Diese Fehler veranlassten ihn, auch 20 Jahre nach dem Fall der Mauer "den neuen Sonntagsreden bei den jetzigen Jubelfeiern in die Suppe zu spucken", wie sich der Schriftsteller im Gespräch mit Bundestagsvizepräsident Wolfgang Thierse ausdrückte.
Die Versäumnisse von 1989/90 hätten dazu geführt, dass zum Beispiel "die Distanz zwischen Ost und West noch heute nach 20 Jahren und vor allem auch hier in der Hauptstadt spürbar ist", meinte Grass. Sich selbst bezeichnete er ausdrücklich als "Verfassungspatriot". Er habe sich aber seinerzeit oft die Frage gestellt: "Wird das noch mein Deutschland sein?"

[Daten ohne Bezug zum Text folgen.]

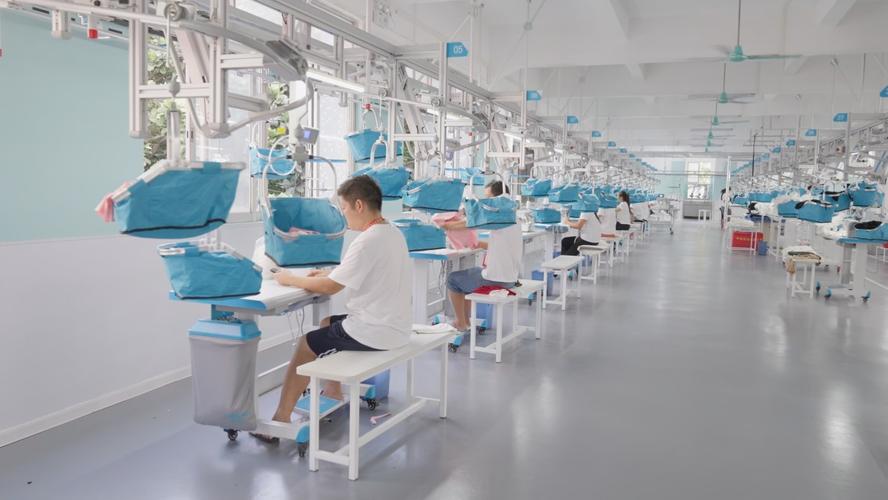 使用服装自动吊挂系统设备的shein供应商工厂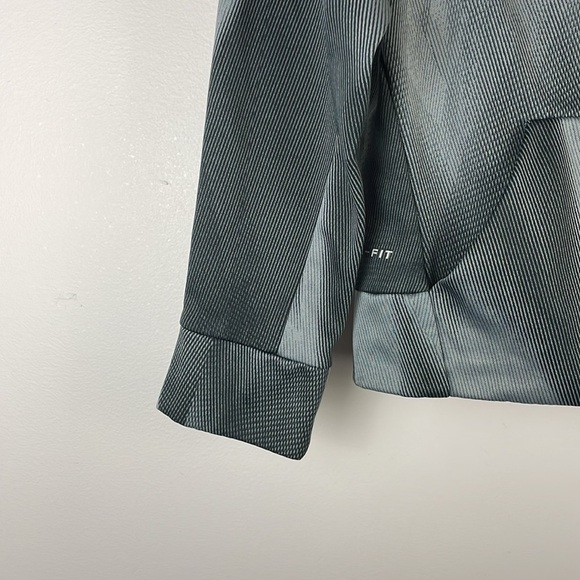 NIKE Dri-Fit Youth Big Swoosh Pullover Hoodie SZ M High neck Green/Gray/Black - Picture 3 of 12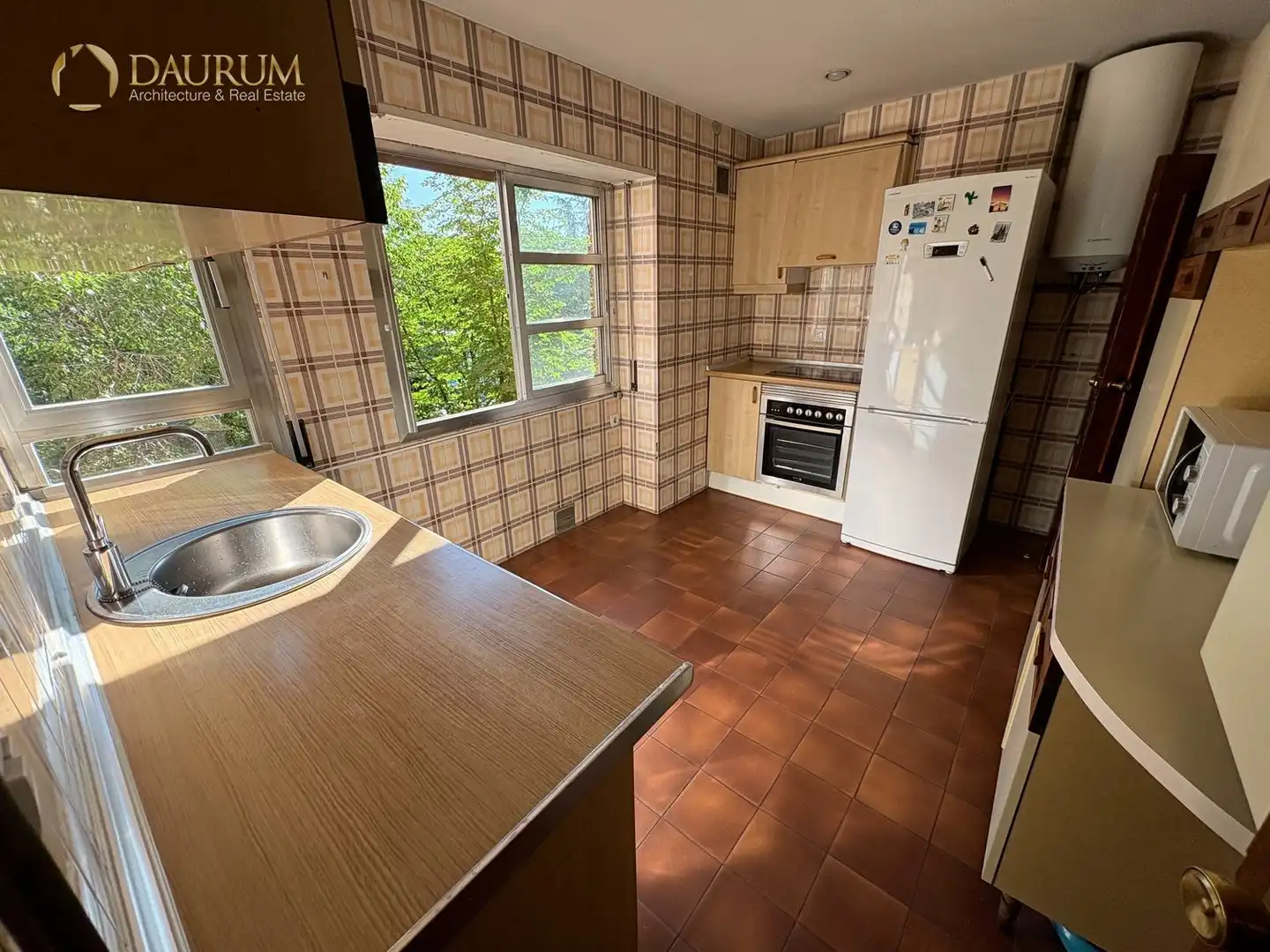 Kitchen of Flat for sale in Madrid  with Air Conditioner, Heating and Terrace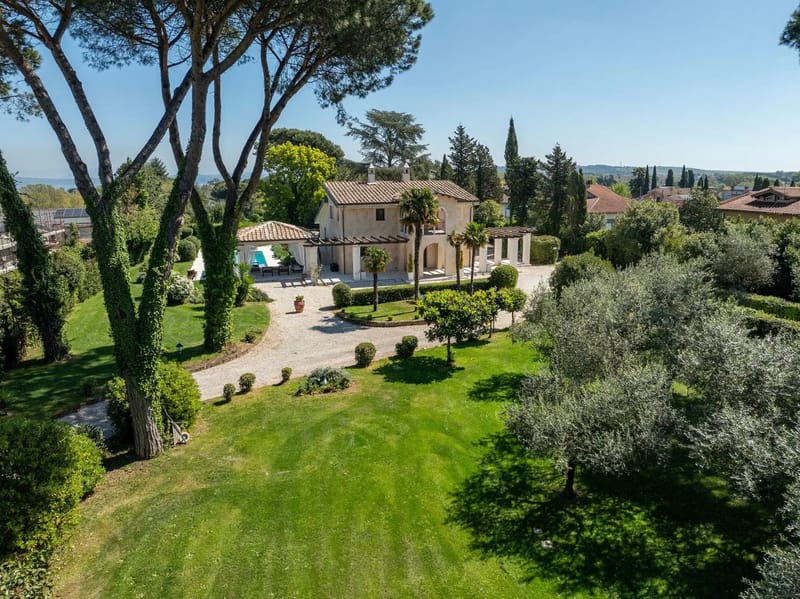 VILLA CORTE SANT'ANNA 6+2 - Lazio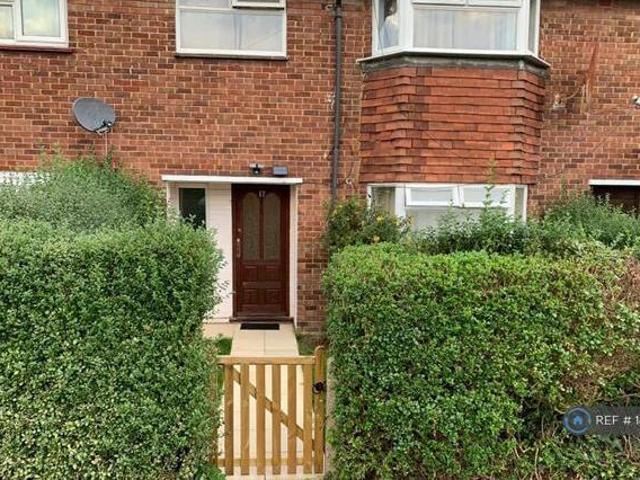 House for rent in London Borough of Hounslow, Greater London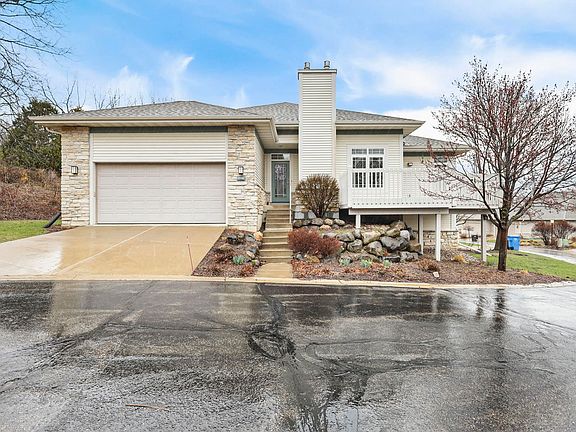 2nd image of 3216 Conservancy Ln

Immer noch könne und müsse man aus Fehlern lernen, wozu allerdings immer wieder engagierte Bürger erforderlich seien, die sich aktiv an der Demokratie beteiligten. "Ich jedenfalls werde mich daher in diesen beschissenen Wahlkampf einschalten", kündigte der Schriftsteller an, der sich seit den 60er-Jahren für die SPD einsetzt.
Der frühere DDR-Bürgerrechtler Thierse räumte ein, er und viele andere hätten damals an einen mehrjährigen Prozess der Vereinigung gedacht. "Die große Ungeduld in der Bevölkerung hat uns regelrecht den Boden unter den Füßen weggerissen." Bei aller Kritik am Verlauf der Vereinigung dürfe man nicht die "irrsinnigen Summen" vergessen, die seit 1990 als Solidaritätszahlungen in den Osten Deutschlands geflossen seien und ohne die die ostdeutschen Kommunen nicht lebensfähig gewesen wären.
Laut Thierse sind von 1991 bis 2005 etwa 2,3 Millionen Deutsche vom Osten in den Westen gezogen, während es umgekehrt 1,4 Millionen gewesen seien. "Zwar immer noch ein Minus, aber eigentlich ist das doch keine schlechte Entwicklung, diese Art von Mischung finde ich ganz hoffnungsvoll", meinte Thierse. "Vielleicht sollte man Bayern eine Anreizprämie für den Umzug in die Uckermark geben", meinte Grass dazu.
Es berühre ihn, mit welcher Empathie Grass damals den Menschen in der DDR und noch heute den Landsleuten im Osten Deutschlands mit ihren Sorgen und Ängsten begegnet sei, sagte Thierse. Seit 1990 bitte er "beinahe flehentlich" darum zu unterscheiden zwischen dem zu Recht gescheiterten System in der DDR und den Menschen mit ihren Biografien.
Grass stimmte zu und meinte, das Wort von der DDR als "Fußnote der Geschichte", wie es auch sein (inzwischen verstorbener) Kollege Stefan Heym prophezeit habe, sei "eine Frechheit" auch gegenüber den Menschen. Beide deutschen Nachkriegsstaaten seien Teil der deutschen Geschichte mit all ihren Folgen seit 1933, auch wenn sie sie in unterschiedlichem Ausmaß hätten tragen müssen.